On ne le dira jamais assez — et ceux qui se sont assis, un soir, dans le murmure doré du cloître de Cimiez à Nice, vous le confirmeront – combien la musique aime les vieilles pierres. Ce cloître de Cimiez est depuis soixante-dix ans un asile merveilleux pour la grande musique. Les sons y vibrent délicieusement et les silences sont pleins de sens.
C’est dans cet écrin d’arcades et de pierres chaudes que le Philharmonique de Nice a donné son dernier concert de l’été. L’orchestre qui, l’hiver, fait les beaux jours de l’Opéra, devient nomade en été. Il a brillé la semaine dernière au festival de la Roque d’Anthéron, lors de concerts diffusés sur France-Musique.
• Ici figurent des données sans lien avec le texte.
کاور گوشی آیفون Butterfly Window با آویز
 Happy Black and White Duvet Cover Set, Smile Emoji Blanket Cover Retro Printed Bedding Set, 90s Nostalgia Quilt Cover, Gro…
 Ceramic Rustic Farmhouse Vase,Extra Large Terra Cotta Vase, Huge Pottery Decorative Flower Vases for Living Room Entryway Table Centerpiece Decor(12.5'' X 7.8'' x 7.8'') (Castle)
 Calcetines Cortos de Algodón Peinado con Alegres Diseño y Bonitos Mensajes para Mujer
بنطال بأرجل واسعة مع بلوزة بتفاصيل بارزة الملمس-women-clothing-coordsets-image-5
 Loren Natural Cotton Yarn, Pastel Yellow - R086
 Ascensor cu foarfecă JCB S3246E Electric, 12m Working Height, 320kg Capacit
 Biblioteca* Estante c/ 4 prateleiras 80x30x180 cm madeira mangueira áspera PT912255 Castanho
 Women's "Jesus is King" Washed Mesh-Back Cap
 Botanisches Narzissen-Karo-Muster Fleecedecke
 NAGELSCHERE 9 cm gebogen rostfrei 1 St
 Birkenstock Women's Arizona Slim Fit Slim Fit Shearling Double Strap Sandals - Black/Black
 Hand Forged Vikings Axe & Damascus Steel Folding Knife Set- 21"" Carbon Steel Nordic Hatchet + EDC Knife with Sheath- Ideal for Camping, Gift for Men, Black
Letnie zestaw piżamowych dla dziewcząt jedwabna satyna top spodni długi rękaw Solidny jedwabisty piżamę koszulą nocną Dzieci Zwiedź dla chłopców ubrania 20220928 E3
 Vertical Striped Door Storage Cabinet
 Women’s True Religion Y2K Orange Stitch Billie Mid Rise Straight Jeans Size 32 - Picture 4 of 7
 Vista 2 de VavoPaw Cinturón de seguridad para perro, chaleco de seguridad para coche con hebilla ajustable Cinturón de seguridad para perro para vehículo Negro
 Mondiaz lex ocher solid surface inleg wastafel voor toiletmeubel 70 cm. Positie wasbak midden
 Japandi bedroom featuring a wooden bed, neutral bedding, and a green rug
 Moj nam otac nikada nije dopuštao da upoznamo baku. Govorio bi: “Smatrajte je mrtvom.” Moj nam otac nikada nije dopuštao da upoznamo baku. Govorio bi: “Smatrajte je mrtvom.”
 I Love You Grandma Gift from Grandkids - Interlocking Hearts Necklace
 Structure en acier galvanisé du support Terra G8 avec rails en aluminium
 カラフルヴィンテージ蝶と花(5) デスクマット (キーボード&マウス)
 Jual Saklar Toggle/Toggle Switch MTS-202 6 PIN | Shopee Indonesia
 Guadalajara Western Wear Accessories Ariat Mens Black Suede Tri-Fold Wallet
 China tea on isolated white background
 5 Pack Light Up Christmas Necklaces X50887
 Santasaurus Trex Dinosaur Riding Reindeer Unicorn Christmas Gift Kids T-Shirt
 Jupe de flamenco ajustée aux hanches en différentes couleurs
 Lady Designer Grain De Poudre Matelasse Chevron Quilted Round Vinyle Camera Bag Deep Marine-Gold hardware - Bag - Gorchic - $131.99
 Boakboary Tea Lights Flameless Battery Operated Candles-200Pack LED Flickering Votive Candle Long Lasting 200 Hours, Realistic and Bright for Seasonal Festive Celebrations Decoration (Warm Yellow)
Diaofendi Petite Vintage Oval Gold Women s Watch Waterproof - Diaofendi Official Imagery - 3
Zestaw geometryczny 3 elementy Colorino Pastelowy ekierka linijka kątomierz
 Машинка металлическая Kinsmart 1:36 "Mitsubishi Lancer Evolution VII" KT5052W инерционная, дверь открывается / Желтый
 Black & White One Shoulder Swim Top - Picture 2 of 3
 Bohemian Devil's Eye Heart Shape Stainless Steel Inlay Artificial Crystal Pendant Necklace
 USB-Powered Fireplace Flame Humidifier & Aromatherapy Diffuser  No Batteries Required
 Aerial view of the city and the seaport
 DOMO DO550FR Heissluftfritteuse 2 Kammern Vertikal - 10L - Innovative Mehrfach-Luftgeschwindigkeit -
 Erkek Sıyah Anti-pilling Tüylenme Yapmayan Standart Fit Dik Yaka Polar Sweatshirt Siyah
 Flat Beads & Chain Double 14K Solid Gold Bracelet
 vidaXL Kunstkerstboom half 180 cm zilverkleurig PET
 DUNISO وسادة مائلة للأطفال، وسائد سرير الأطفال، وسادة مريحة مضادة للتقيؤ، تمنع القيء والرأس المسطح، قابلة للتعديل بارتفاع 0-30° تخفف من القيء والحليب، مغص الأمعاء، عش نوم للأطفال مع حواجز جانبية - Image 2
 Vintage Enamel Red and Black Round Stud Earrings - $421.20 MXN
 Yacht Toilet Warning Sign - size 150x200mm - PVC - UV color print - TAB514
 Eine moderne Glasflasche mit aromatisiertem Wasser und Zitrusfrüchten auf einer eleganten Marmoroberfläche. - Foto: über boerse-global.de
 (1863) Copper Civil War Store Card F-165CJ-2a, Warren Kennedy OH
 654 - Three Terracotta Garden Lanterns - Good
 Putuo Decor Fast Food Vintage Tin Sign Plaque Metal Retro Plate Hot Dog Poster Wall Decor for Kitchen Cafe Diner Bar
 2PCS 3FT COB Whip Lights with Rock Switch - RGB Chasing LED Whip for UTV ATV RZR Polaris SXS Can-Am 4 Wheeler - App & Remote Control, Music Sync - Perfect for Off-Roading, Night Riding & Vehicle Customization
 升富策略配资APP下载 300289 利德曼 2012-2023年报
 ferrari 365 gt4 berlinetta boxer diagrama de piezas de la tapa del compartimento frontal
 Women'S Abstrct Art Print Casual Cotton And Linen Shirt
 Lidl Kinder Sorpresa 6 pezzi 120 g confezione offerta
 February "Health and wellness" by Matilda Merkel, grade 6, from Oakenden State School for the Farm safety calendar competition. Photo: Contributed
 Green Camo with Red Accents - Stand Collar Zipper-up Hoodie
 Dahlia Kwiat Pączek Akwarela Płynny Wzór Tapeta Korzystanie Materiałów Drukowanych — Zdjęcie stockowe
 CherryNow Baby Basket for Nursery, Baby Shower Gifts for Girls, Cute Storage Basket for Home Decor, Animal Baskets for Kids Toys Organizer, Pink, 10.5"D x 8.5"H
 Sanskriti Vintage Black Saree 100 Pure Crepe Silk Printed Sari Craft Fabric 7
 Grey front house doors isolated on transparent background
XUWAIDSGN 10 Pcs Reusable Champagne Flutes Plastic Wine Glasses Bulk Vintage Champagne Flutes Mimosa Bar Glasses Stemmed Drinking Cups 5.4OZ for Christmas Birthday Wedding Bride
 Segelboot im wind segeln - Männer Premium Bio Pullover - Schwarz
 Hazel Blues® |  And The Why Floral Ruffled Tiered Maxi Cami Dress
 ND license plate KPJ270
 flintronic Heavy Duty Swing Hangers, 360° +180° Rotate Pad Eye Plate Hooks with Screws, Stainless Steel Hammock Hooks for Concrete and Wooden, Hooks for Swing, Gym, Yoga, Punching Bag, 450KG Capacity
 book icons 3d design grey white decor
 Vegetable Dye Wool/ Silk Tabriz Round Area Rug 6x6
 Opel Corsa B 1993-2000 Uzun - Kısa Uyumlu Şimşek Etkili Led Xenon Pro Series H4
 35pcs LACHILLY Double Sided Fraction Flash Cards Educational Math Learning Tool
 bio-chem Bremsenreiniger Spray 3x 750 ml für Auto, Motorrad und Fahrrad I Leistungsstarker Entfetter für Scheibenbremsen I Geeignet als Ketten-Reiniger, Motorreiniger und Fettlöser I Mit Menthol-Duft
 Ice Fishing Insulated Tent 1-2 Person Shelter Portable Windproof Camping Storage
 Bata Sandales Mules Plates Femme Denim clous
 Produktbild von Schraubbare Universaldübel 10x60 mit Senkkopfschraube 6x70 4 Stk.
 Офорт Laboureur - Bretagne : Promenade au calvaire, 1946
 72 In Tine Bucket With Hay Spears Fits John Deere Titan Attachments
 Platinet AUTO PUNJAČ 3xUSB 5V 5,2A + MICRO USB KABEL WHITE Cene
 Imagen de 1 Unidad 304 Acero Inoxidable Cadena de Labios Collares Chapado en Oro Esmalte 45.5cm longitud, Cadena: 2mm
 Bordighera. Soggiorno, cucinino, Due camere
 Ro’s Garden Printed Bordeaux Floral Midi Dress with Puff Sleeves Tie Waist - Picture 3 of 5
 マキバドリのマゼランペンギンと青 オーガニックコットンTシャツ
La semaine précédente, il enchanta le festival d’opéra de Gattières dans les Alpes-Maritimes. On ne peut, d’ailleurs, plus penser ce festival sans cet orchestre – lequel festival est indispensable au paysage de l’art lyrique en France en été.
Ce soir-là, à Cimiez, c’était Marc Coppey qui dirigeait l’orchestre. Dans le Tombeau de Couperin et Ma Mère l’Oye de Ravel, ce chef qui respire et inspire la musique obtint de l’orchestre les couleurs diaphanes, les élans subtils, les emportements délicats, les chatoiements légers, les fines vibrations que réclame l’interprétation des œuvres ravéliennes. Il ravivait ici une nuance, là une transparence, là un rythme égaré. Les musiciens avaient confiance en lui car ils savaient qu’ils étaient dirigés par un vrai grand musicien – l’un de nos prestigieux violoncellistes internationaux.
Deux solistes prirent part à ce concert : la harpiste Marie-Pierre Langlamet, soliste du célèbre Philharmonique de Berlin, et Patrick Messina, soliste du non moins respectable Orchestre National de France. Tous deux jouaient à domicile : ils sont en effet Niçois. Parmi le public les membres de leur famille et leurs amis étaient nombreux. Mais ce n’est pas la considération locale qui fit lever les bravos, c’est leur talent propre. Marie-Pierre Langlamet, harpiste aux doigts virtuoses, à l’esprit élégant, au discours bien pensé, fit danser le Concerto d’Aranjuez sur les cordes argentées de son instrument. Elle est une grande dame de la harpe. Quant à Patrick Messina – un grand monsieur de la clarinette ! – on admira l’autorité, la jubilation rythmique, le caractère de son jeu, dans trois célèbres Préludes de Gershwhin ainsi qu’une pièce klezmer, pleine de nostalgie rieuse, de Bela Kovacs.
Alors oui, la musique, ce soir-là, était comme chez elle entre les vieilles pierres du cloître de Cimiez et dans le cœur ouvert des auditeurs. Elle nous rendit heureux.